Daarna bracht de kapitein ons nog naar een huisje waar we Karen Longneck vrouwen konden zien, maar dat was een zware tegenvaller. Als een soort dierentuin zaten de vrouwen op display in een hoek te weven. Zij waren de toeristen trekkers voor de aanliggende winkel. Dit hadden we niet moeten doen. Gelukkig konden we de dames wel een fooi toeduwen want ze verdienen maar 2000 kyat per dag. Omgerekend is dit slecht 1,30. Dit willen we anders doen. Daarom besloten we om de volgende dag naar Loikaw af te reizen. Rond dit dorp zijn meerdere nederzettingen van de Karen (Longneck) stam en dit is de originele plek waar alle stammen vandaan komen. Hierover lees je meer in het volgende verslag.

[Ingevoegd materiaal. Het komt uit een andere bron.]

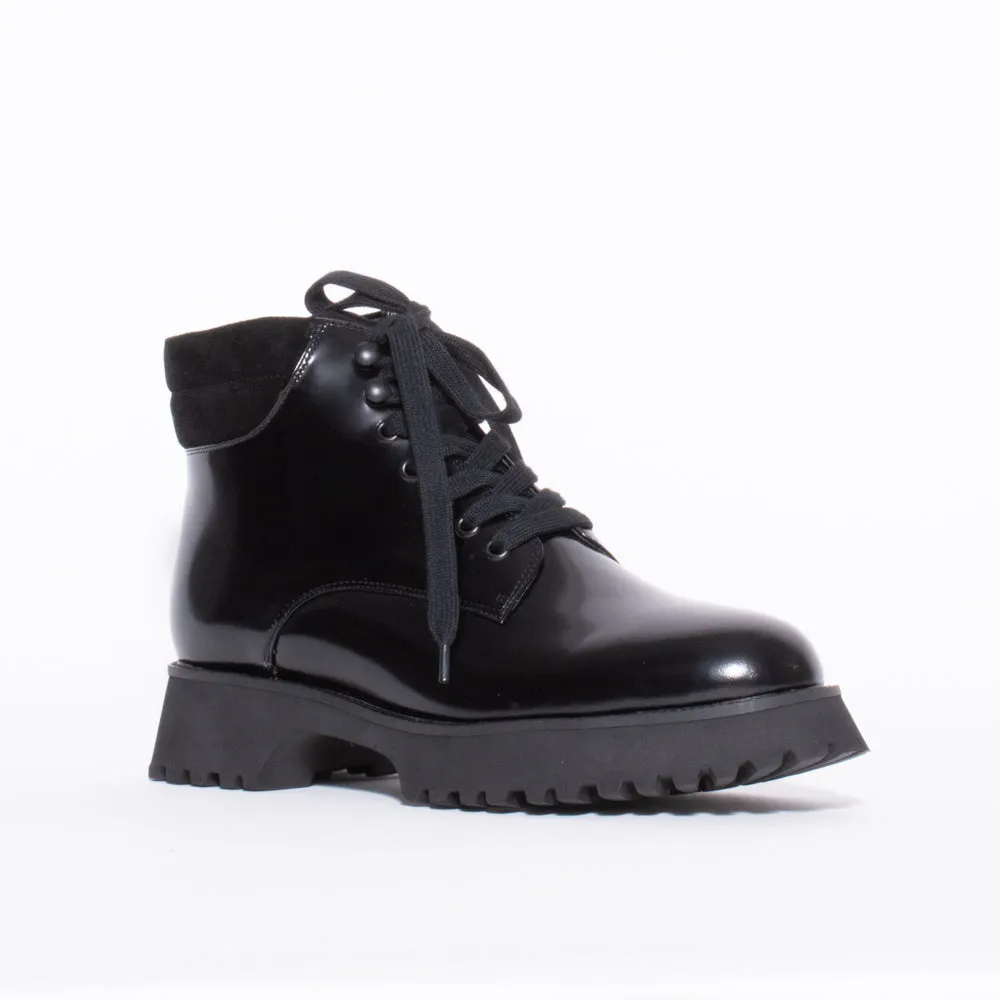 Tommy Black Combo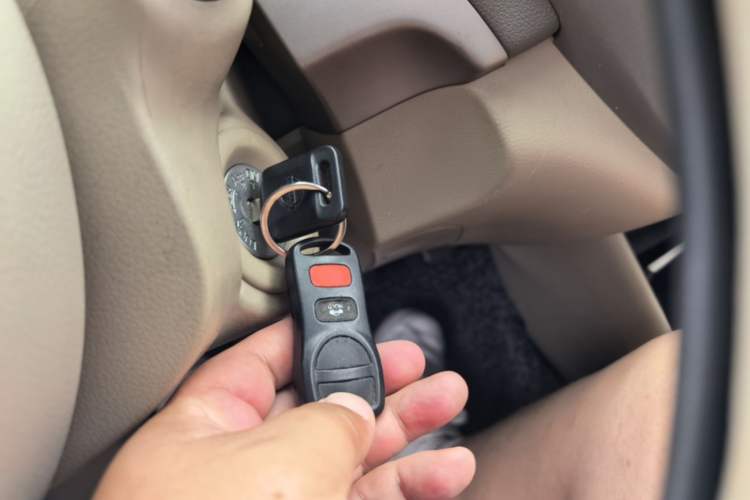 Used Nissan Sylphy 2012 Classic 1.6XE Manual Comfort Edition Vehicle Key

Op de weg terug zagen we dan eindelijk onze traditionele visserman. Natuurlijk deed hij dit voor de fooien, maar dat is prima. Met zijn kokernet balanceerde hij op 1 been, het net in de lucht en de peddel in het water. Heel erg gaaf. Bij terugkomst konden we gelukkig nog aanschuiven voor het ontbijt.
We waren nog aan het twijfelen of we ‘s middags nog een paardrijtocht wilden maken door de heuvels, met onderweg een stop bij de enige wijnboer van de streek, Red Mountains Estate winery. Dit samen met Cole, Kylie en Jeanne. Een regenbui gooide roet in het eten. In elk geval voor het paardrijden. Met een tuktuk gingen we naar de winery voor een uurtje wijnproeven. De wijntjes zijn nog niet heel goed. Ze bestaan nog maar 10 jaar dus ze hebben nog even te gaan. Het uitzicht vanaf de berg was wel prachtig. We zagen de omliggende bergen met natuurlijk Inle Lake in het midden. Een aantal buien trokken over de bergen, maar niet over ons. Ook deden we hier nog een rondleiding, maar die stelde niet veel voor.
De avond aten we nog gezellig met z’n allen een afsluitende maaltijd. Wij hadden de bus naar Loikaw geboekt voor de volgende ochtend. De anderen bleven nog even in Nyaungshwe of gingen naar Bagan. Ik vermoed dat we elkaar nog wel een keer gaan ontmoeten in Bagan.